Era decisamente troppo presto per i clienti, e per di più sulla porta era ancora affisso il cartello con su scritto Chiuso.

Mise giù la piuma d’oca e la pergamena su cui stava facendo i conti dell’ultimo mese, e si voltò verso la porta per dire che il locale era ancora chiuso, quando vide con stupore che la persona che aveva fatto tintinnare il campanello era Neville.

“E tu che ci fai qui?” chiese.

Un secondo dopo si rese conto di essere stata un po’ brusca “Voglio dire” tentò di rimediare “Non avevi lezione oggi pomeriggio?”

“Non preoccuparti” disse Neville, e Hannah notò con stupore che l’amico appariva stranamente agitato. Aveva il fiato corto, come se avesse corso, i capelli erano più spettinati del solito e il mantello che teneva con noncuranza per un lembo strisciava a terra.

I suoi occhi, infine, brillavano di una luce che non aveva mai visto prima.

Se non fosse stata lei stessa la proprietaria del pub del villaggio, Hannah avrebbe creduto che Neville fosse ubriaco.

Stava per chiedergli delucidazioni, ma Neville la precedette. Trasse un respiro profondo, come se dovesse cominciare un discorso solenne “Hannah, devo chiederti una cosa. Cioè, non devo chiederti una cosa” si impappinò, mentre la ragazza lo guardava incuriosita “si tratta di … diciamo un favore. Sì, più o meno è un favore. Ma voglio dire, spero che ti faccia piacere …”

“Neville, che cosa vuoi dire?” chiese Hannah, che adesso lo fissava decisamente confusa.

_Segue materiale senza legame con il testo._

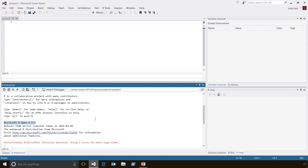RTVS works with whatever version of R that you happen to have installed on your machine. In my case, I have Microsoft R Open 3.2.3 installed. Microsoft R Open is Microsoft's distribution of R, which contains two notable enhancements. The first is that it supports Intel's Math Kernel Library, which greatly accelerates linear algebra computation on multiple cores. The second feature, through the checkpoint library, guarantees that the version of R packages your program was built against are always going to be available to users of your program in the future.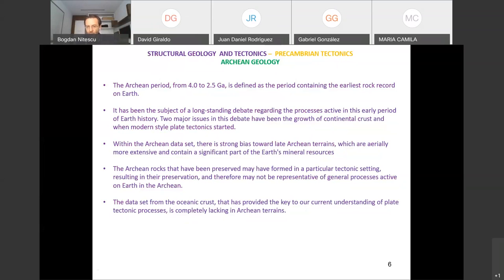Gabriel asked whether all rock records from the Hadean period were destroyed. Yes, they were destroyed to a large part. We don't really know to what extent there was a solid surface for preservation of those rocks. There is a bit of a rock record I'll show shortly, but the formation of solid rocks as we know them came a bit later. The transformation into actual solid rocks comes from a somewhat later period.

Neville si accorse che il discorso che stava facendo non aveva molto senso, e decise di cominciare da capo.

“Scusami, credo di aver fatto un po’ di confusione” disse, e ripartì con ordine.

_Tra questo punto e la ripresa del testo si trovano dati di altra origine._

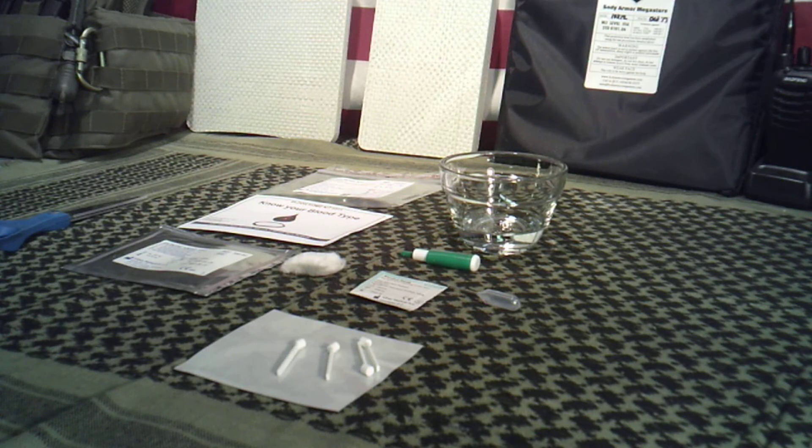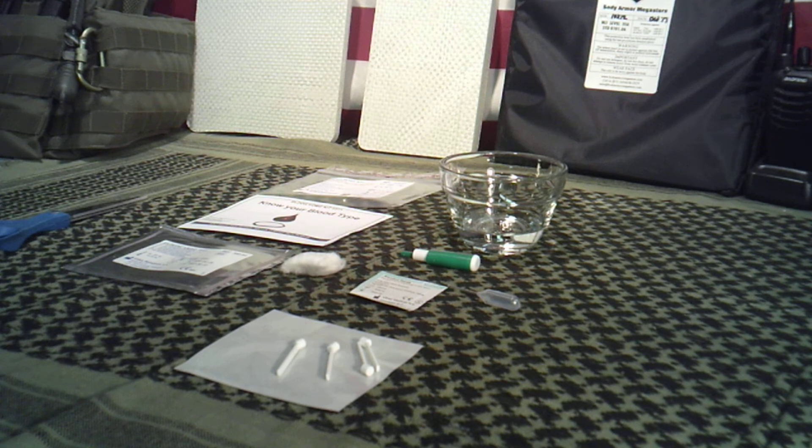Welcome to Guns and Gear Network everyone. I appreciate you tuning in today. Today's video is about home blood type test kits.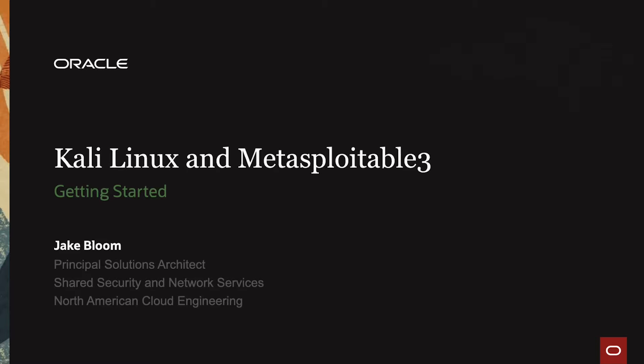Hello, my name is Jake Bloom. I'm a Principal Solutions Architect on the Shared Security and Network Services team. Today we're going to be talking about the Kali Linux and Metasploitable 3 deployment within OCI.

Voleva invitarla alla festa, e non poteva farlo con quelle frasi da squilibrato.

“Stasera ci sarà una festa, ad Hogwarts, in onore dei millecinquecento anni dalla fondazione. Non te ne avevo parlato perché fino a stamattina non pensavo di andarci.”

“Oh, capisco” annuì Hannah, che in realtà non capiva molto. Che c’entrava lei?

“Ma ho cambiato idea” continuò Neville, e decise di saltare la storia di Friedrich e della sua minaccia. “Quindi pensavo … mi chiedevo, sì … se per caso tu fossi … sai … libera stasera, e ti andasse di …”

Merlino quant’era difficile!

“Di venire con me” completò, e si voltò finalmente a guardarla in faccia, dato che aveva pronunciato tutto il suo discorso fissando il bancone di legno.

“Con te? Alla festa? Io?” chiese Hannah, stupidamente.

La domanda di Neville era stata chiarissima, eppure quelle domande le uscirono lo stesso dalle labbra.

“Sì, se ti va, voglio dire, se hai altro da fare … o magari un appuntamento …”

“No, no, sono liberissima” si affrettò ad assicurarlo Hannah, e di nuovo le parole erano uscite fuori prima che lei se ne accorgesse “l’unico problema è il locale” disse, mordendosi un labbro.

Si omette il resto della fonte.